As far as I am aware the allen key adjustment is only for cars with cis I dont think there is such an adjustment on a digi II flapper


----------



## secondgen (Jan 9, 2004)

*Re: (chrisbmx68)*


_Quote, originally posted by *chrisbmx68* »_As far as I am aware the allen key adjustment is only for cars with cis I dont think there is such an adjustment on a digi II flapper 

The allen key is under a plug, which is there for tuning CO mixtures. meaning you'd need a emissions testing machine to set it correctly. Turning it will do you no good in the power quest. http://****************.com/smile/emthup.gif


----------



## onelowvdub1 (Jun 29, 2008)

*Re: (secondgen)*

ahhh thats why they said i need a pipe and testing unit attached to the exhaust..understandable


----------



## H2Zero (Apr 25, 2003)

*Re: help with setup on ITB's+++ digifant (onelowvdub1)*

can I just ask which throttle cable u used? I could not used my original one as it is shorter. Thanks for sharing.


----------



## onelowvdub1 (Jun 29, 2008)

*Re: help with setup on ITB's+++ digifant (H2Zero)*

never installed them yet.. for my digi swap i just used my stock throttle cable from my 8v..
maybe i will use some rope lol 
the throttle i have now is long enough i have extra length on it now so it should make it..
and i cant remember why the end came off of my cable but it was cut and i used a peice from a pedal bike's brakes to grip the throttle cable..( threaded pin with a hole in it to run the cable and a nut to tighten it..plus some washers lol..works perfectly fine 


_Modified by onelowvdub1 at 5:17 PM 8-12-2008_


----------



## Mucci (Dec 1, 2004)

*Re: help with setup on ITB's+++ digifant (onelowvdub1)*

hahaha so ghetto. i love it.
If projects could marry, my junkyard turbo kit would have been it's significant other.


----------



## Tekron for president (Apr 24, 2008)

*Re: help with setup on ITB's+++ digifant (Mucci)*


_Quote, originally posted by *Mucci* »_hahaha so ghetto. i love it.
If projects could marry, my junkyard turbo kit would have been it's significant other.

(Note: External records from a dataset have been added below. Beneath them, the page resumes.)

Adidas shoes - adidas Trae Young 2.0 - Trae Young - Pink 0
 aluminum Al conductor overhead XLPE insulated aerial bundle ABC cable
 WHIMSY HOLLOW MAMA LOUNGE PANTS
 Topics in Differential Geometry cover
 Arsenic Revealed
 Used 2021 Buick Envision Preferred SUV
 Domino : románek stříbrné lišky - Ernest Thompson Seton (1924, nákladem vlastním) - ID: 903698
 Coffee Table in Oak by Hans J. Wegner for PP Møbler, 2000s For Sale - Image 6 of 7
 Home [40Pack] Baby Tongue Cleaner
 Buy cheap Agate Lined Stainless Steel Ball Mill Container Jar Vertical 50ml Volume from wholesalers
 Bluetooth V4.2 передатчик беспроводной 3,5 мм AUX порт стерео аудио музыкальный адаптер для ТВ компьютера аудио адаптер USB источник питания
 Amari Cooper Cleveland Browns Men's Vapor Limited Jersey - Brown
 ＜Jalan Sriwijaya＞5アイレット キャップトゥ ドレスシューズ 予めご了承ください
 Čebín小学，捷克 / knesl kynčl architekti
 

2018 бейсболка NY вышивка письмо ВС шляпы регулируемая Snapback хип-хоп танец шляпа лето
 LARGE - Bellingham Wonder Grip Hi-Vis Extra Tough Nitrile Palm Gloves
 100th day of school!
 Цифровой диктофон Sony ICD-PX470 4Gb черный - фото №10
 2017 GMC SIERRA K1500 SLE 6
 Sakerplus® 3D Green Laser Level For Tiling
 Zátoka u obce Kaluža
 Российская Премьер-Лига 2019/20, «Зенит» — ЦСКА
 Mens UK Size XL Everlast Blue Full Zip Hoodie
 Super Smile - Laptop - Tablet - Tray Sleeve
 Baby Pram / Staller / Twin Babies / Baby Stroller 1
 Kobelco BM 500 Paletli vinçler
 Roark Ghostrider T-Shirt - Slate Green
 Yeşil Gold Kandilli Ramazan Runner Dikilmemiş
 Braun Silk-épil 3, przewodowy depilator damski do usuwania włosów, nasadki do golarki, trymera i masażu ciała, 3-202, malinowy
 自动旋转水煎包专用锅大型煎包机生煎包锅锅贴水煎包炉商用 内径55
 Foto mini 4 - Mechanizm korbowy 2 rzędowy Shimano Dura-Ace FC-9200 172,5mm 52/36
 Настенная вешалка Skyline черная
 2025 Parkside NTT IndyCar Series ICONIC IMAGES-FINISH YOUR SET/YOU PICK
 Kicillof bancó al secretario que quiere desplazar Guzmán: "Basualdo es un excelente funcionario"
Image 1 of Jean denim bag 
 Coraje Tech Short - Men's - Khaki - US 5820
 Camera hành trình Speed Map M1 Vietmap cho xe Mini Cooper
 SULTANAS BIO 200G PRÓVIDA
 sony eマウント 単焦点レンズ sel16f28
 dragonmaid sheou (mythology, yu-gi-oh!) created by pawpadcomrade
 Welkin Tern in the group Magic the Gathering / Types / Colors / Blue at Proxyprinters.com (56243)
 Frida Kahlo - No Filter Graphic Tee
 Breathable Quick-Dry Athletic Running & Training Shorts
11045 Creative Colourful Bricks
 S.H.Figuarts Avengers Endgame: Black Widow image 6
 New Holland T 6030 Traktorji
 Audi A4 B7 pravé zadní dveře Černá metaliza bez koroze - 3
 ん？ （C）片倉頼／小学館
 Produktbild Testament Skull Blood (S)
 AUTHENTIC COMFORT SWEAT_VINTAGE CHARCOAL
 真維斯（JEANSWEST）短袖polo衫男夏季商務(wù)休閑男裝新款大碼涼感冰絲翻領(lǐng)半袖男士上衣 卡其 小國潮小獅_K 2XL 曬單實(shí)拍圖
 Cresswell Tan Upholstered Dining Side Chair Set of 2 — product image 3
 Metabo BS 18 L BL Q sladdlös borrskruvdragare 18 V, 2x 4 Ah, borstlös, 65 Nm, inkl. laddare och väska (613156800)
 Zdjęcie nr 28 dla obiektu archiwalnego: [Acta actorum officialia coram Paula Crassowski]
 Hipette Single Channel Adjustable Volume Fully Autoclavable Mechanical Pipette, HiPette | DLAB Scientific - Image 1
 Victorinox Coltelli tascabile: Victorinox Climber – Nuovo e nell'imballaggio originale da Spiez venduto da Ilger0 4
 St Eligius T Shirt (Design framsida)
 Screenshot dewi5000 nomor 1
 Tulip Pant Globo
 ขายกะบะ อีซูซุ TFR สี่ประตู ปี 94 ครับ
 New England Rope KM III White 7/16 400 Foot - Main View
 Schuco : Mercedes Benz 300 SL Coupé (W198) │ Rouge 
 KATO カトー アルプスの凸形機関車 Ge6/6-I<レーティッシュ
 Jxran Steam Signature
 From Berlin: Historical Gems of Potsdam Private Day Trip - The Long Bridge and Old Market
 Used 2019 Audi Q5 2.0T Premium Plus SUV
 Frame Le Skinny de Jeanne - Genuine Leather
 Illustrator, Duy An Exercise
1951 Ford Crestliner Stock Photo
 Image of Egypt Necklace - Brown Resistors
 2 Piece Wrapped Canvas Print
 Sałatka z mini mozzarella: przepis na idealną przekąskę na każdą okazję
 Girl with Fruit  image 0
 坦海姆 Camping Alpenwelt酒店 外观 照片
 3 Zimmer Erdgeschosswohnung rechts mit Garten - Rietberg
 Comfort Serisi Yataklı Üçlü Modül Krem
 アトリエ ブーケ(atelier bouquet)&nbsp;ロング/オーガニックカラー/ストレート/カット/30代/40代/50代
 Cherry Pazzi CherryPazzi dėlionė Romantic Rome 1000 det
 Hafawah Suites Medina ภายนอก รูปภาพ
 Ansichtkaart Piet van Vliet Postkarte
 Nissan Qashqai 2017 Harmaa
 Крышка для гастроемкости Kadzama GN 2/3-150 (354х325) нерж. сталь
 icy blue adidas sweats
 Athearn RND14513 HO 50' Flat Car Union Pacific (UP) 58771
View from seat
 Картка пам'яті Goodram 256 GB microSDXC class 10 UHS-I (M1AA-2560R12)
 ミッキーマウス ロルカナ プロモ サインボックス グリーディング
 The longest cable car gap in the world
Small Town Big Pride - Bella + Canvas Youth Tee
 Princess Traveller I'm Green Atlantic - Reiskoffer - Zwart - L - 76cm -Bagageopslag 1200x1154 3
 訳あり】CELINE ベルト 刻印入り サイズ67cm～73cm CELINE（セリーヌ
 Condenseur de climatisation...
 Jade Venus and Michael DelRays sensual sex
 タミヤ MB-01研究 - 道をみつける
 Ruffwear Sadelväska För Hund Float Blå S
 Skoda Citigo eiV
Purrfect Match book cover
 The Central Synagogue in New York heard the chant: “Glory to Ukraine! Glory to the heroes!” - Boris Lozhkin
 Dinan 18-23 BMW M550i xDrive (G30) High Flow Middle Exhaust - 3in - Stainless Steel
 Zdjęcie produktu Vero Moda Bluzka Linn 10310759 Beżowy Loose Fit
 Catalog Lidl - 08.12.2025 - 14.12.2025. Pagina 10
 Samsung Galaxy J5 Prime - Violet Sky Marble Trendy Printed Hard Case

but that probably gained you something


----------



## H2Zero (Apr 25, 2003)

*Re: help with setup on ITB's+++ digifant (onelowvdub1)*


_Quote, originally posted by *onelowvdub1* »_never installed them yet.. for my digi swap i just used my stock throttle cable from my 8v..
maybe i will use some rope lol 
the throttle i have now is long enough i have extra length on it now so it should make it..
and i cant remember why the end came off of my cable but it was cut and i used a peice from a pedal bike's brakes to grip the throttle cable..( threaded pin with a hole in it to run the cable and a nut to tighten it..plus some washers lol..works perfectly fine 

_Modified by onelowvdub1 at 5:17 PM 8-12-2008_

how did u increase the length...?


----------



## xr4tic (Dec 10, 2001)

I live in Michigan, they use salt, salt, and more salt in the winter around here. Plus that motor was sitting around for quite some time, which is why it looks so rusty.
You may want to consider some sort of aftermarket A/F adjuster, like a S-AFC or w/e, that will at least allow you to adjust the A/F by RPM, but you'll have to keep an eye on the ignition timing. Getting a MAF to work with a custom chip is probably possible too, it's the ignition that can't be controlled.
I've got my old Digi2 ECU sitting next to me, trying to figure a way to hack the Ignition portion, I think I found one, but it's a low priority at the moment.


----------



## Mucci (Dec 1, 2004)

*Re: help with setup on ITB's+++ digifant (Tekron for president)*


_Quote, originally posted by *Tekron for president* »_
but that probably gained you something









Not much when you run more then 7psi on a stock ABA clutch








It was fun until that 18wheeler t-boned me on 95


----------